Prosecutor John B. Johnson told jurors in his opening statement that Edenfield and his son lured the boy into their trailer across the street from the home of Christopher's grandmother, then took turns molesting him.
"You will hear him say this from his own mouth," Johnson said of David Edenfield. "Christopher Barrios didn't want to be there. He said, 'Let me go! Please don't do this! I'm going to tell my parents!'"
David Edenfield is the first suspect to stand trial in the slaying. His son and wife, Peggy Edenfield, have also been charged with molesting and killing the boy, then hiding his body. The jury was selected from residents some 90 miles away because of pretrial publicity, and the jurors are being sequestered in Brunswick.
Jurors later saw the first hour of the interview the elder Edenfield gave to a police detective a day after the boy's body was found. He at first blamed his son and denied any involvement, but slowly began to describe a horrible scene.
Edenfield said he and his wife watched while his son forced the boy to have sex.
Edenfield later admitted touching Christopher himself after Glynn County police detective Raymond Sarro showed him photographs of the boy's dead body. He said the child had been crying and pleading for them to stop.
Edenfield at first said he told his son to stop choking Christopher, then changed his story. He said he placed his own hands on top of his son's while they strangled the boy. Asked why he did that, Edenfield said, "I guess instinct."
"You saw your opportunity, when George was choking him, to see what it felt like?" Sarro asked.

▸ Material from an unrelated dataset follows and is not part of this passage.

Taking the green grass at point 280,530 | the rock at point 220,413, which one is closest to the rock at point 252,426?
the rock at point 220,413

Defense attorney James Yancey Jr. told jurors the elder Edenfield's confession was influenced by the police interrogators, but stopped short of telling jurors he was coerced.
Superior Court Judge Stephen Scarlett recessed court before Edenfield's attorneys had a chance to cross-examine Sarro. The detective was to return to the witness stand Thursday.

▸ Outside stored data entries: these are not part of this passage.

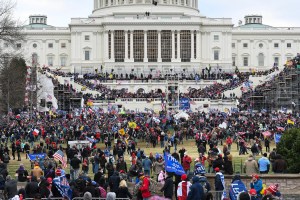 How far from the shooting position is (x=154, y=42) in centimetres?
13588

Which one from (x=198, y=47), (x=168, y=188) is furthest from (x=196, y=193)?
(x=198, y=47)

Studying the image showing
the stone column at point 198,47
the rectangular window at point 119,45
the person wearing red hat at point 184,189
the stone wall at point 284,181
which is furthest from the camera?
the stone column at point 198,47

Christopher lived in a mobile home park in the port city of Brunswick, about 60 miles south of Savannah, where his father and grandmother had separate homes. He would pass the Edenfields' trailer when walking between them.
A shy boy with a big smile that showed off the silver caps on his front teeth, he loved superheroes such as Batman and Spider-Man.
The Edenfields moved into the mobile home park where the boy lived just a few months before his death. The family had been forced to move because George Edenfield was a convicted child molester. The family's previous home was close to a playground, a violation of Georgia's sex offender registry law.
Sarro testified police found Christopher's toy Star Wars lightsaber in the Edenfields' yard a few hours after the boy went missing. He said he then noticed the Edenfields peeking out their windows, which seemed suspicious because other neighbors were out helping search for the boy.
He said George Edenfield admitted he'd seen Christopher outside, then told the detective he heard voices calling his name.
"I asked him what voices did he hear that called his name, and he said 'the devil,'" Sarro said. "I asked if the devil told him to do anything to hurt the little boy. He told me yes, that the devil told him to kill him."